§ **Record set**
________________________
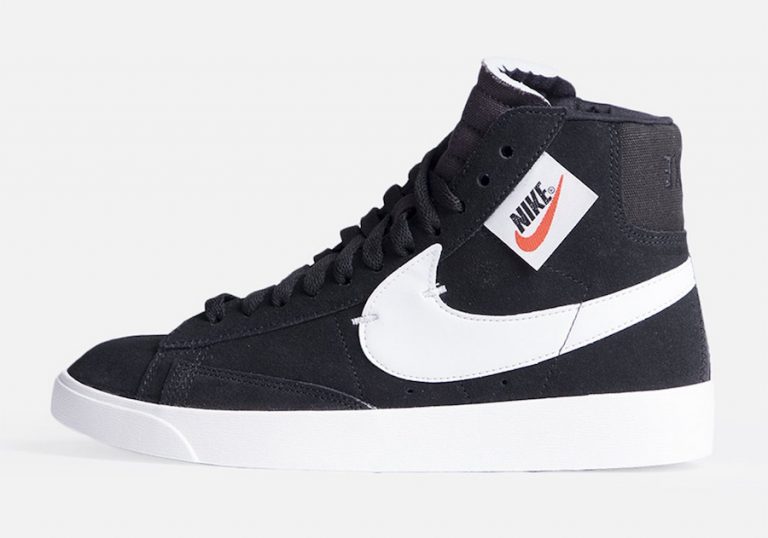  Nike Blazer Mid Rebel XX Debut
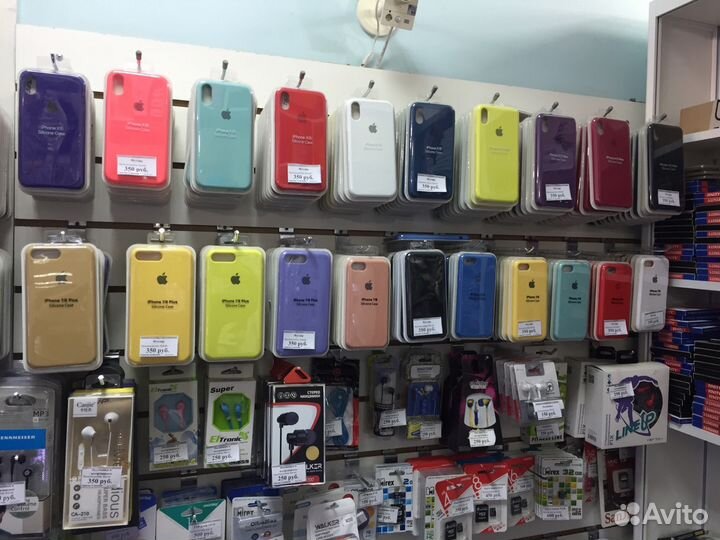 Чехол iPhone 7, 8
________________________
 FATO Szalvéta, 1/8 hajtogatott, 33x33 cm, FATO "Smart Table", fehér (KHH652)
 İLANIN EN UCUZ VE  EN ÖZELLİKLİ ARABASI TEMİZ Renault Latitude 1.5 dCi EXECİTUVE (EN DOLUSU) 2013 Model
________________________
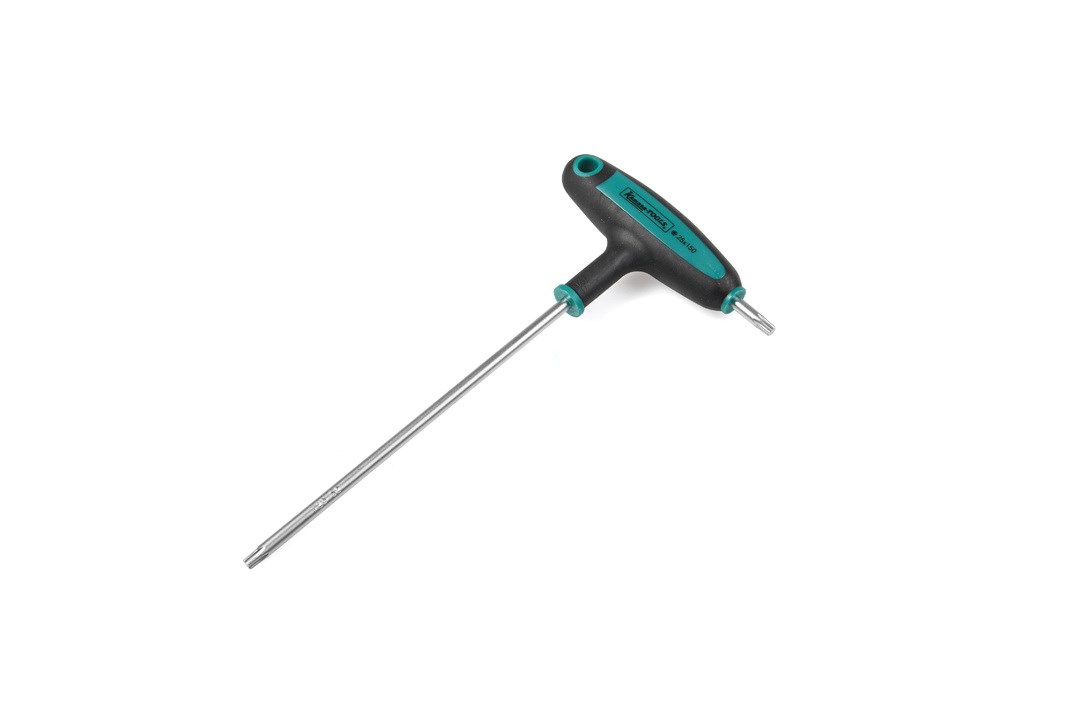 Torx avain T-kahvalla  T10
________________________
§ **Task requirements**
Find where the line with "FATO Szalvéta, 1/8" sits in the material above, then copy exactly from it through the line with "İLANIN EN UCUZ". Add no other line.

§ **Answer**
 FATO Szalvéta, 1/8 hajtogatott, 33x33 cm, FATO "Smart Table", fehér (KHH652)
 İLANIN EN UCUZ VE  EN ÖZELLİKLİ ARABASI TEMİZ Renault Latitude 1.5 dCi EXECİTUVE (EN DOLUSU) 2013 Model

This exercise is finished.